Nie ist etwas schiefgegangen?
Eine Pleite habe ich nie hingelegt. Am Anfang wurde es zwei-, dreimal eng. Damals übernahm mein Bruder Karl meine Schulden, damit ich weitermachen konnte. Auf meinen Bruder kann ich mich bis heute verlassen.

Bei dem, was Sie damals anpackten, war immer Musik drin?
Im Eldorado war’s der Rock’n’Roll, später in den 60ern in den Gutshöfen der Schlager.
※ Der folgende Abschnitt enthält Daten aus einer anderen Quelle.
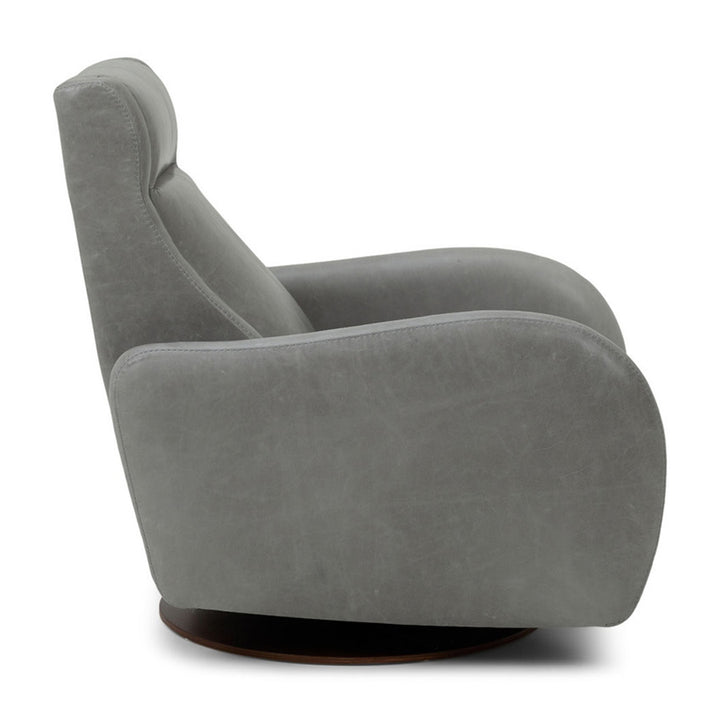 American Leather Comfort Air Nova Echo Recliner in Leather Tier F Bison Charcoal side profile view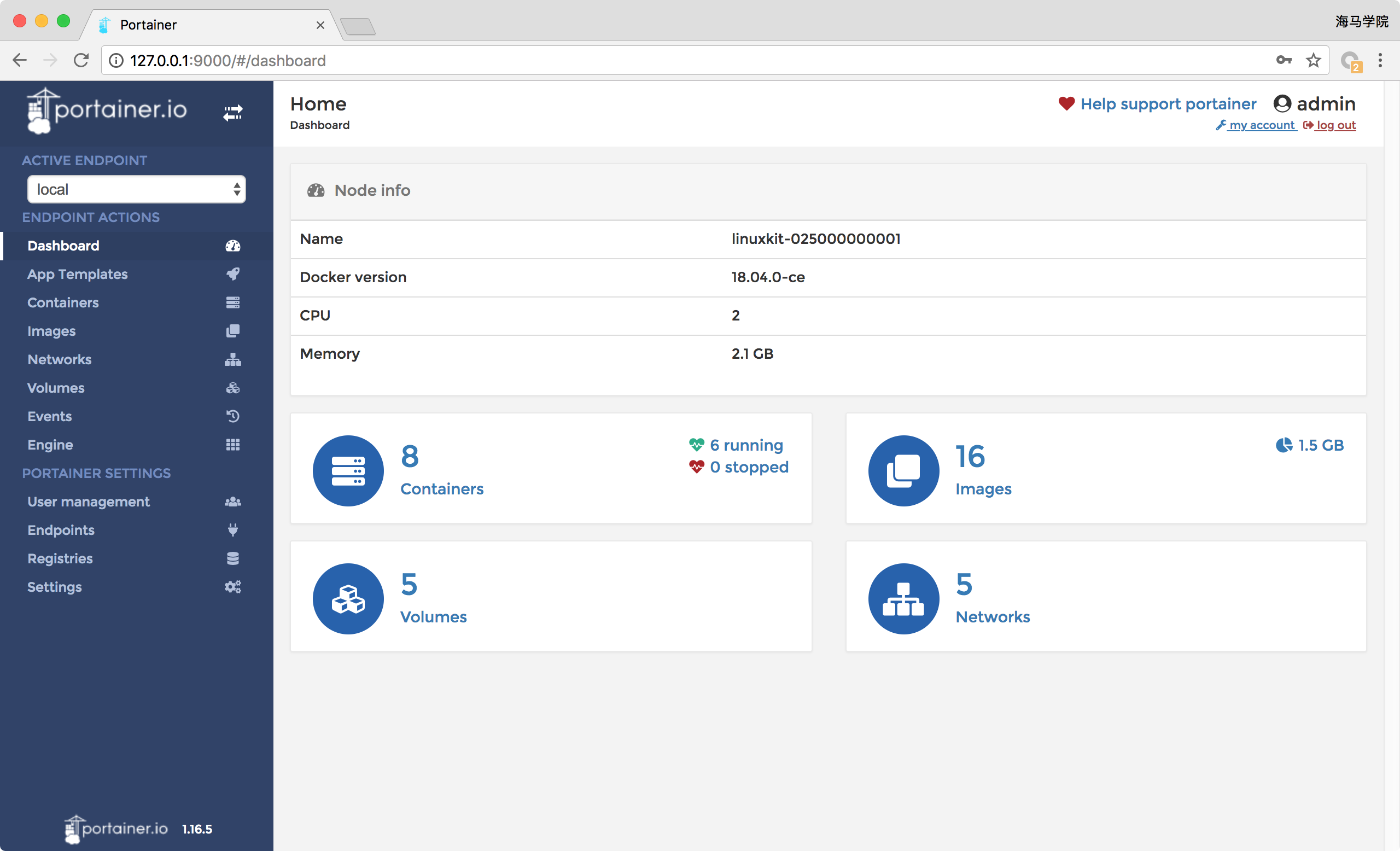 Info local. Docker engine with Portainer. Summary location.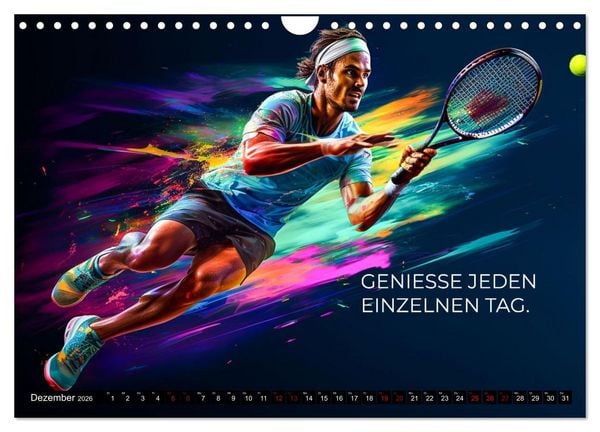 Produktbild: Tennis und Motivation (Wandkalender 2026 DIN A4 quer), CALVENDO Monatskalender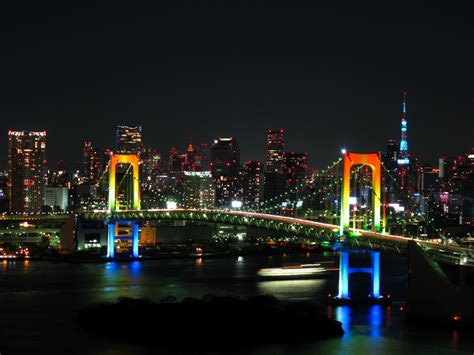 File:Rainbow colored Rainbow Bridge at night.jpg - Wikipedia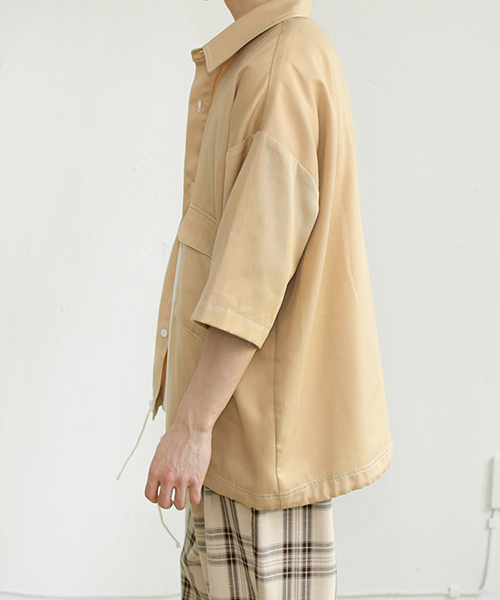 PairPair(ペアペア)の「配色ステッチポケット付きドロストビッグシャツ(シャツ/ブラウス・メンズ・ブラック/ベージュ・FREE)」の18枚目の写真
Das erste von mehreren Gutshof-Tanzlokalen in Süddeutschland haben Sie am Stöckach im Stuttgarter Osten eröffnet. Das ehemalige Kino wurde ein richtiger Talentschuppen.
Peter Maffay, Bata Ilic, Tony Marshall, Cindy und Bert, Paola – alle waren sie bei mir. Meine Gutshöfe, auch der in Karlsruhe, waren ihr Karrieresprungbrett.

Hat es Sie bei Ihrem Faible für Gesang nicht selber mal gejuckt.
Da kommen Sie auf etwas. Meinen Gutshof in Karlsruhe habe ich 1972 verkauft, um ins Musikgeschäft einzusteigen. Wir sind auch mal beim Saarländischen Rundfunk mit Dieter Thomas Heck zusammengesessen. Letztlich wurde nichts daraus, weil mein Agent sich verkalkuliert hatte.

Dass es mit der Musik nie richtig was wurde, schmerzt Sie bis heute?
Ich erzähl Ihnen mal eine Geschichte: Mit ungefähr 20 habe ich im Chor der Domkirche St. Eberhard in Stuttgart die Soli gesungen. Bei besonderen Anlässen bekam die Kirche Geld von reichen Vätern, da habe ich keine Soli mehr gesungen. Ich war im Kinderchor des Stuttgarter Staatstheaters, mit zehn Jahren hatte ich Klavierunterricht. Später hatte ich noch meine eigene Kapelle. Es sollte wohl nicht sein mit dem Gesang.

Wie feiern Sie am Sonntag Ihren 80. Geburtstag?
Es gibt ein Fest mit über 100 Gästen, Tanz, warmem und kaltem Büfett. Ich koche für alle.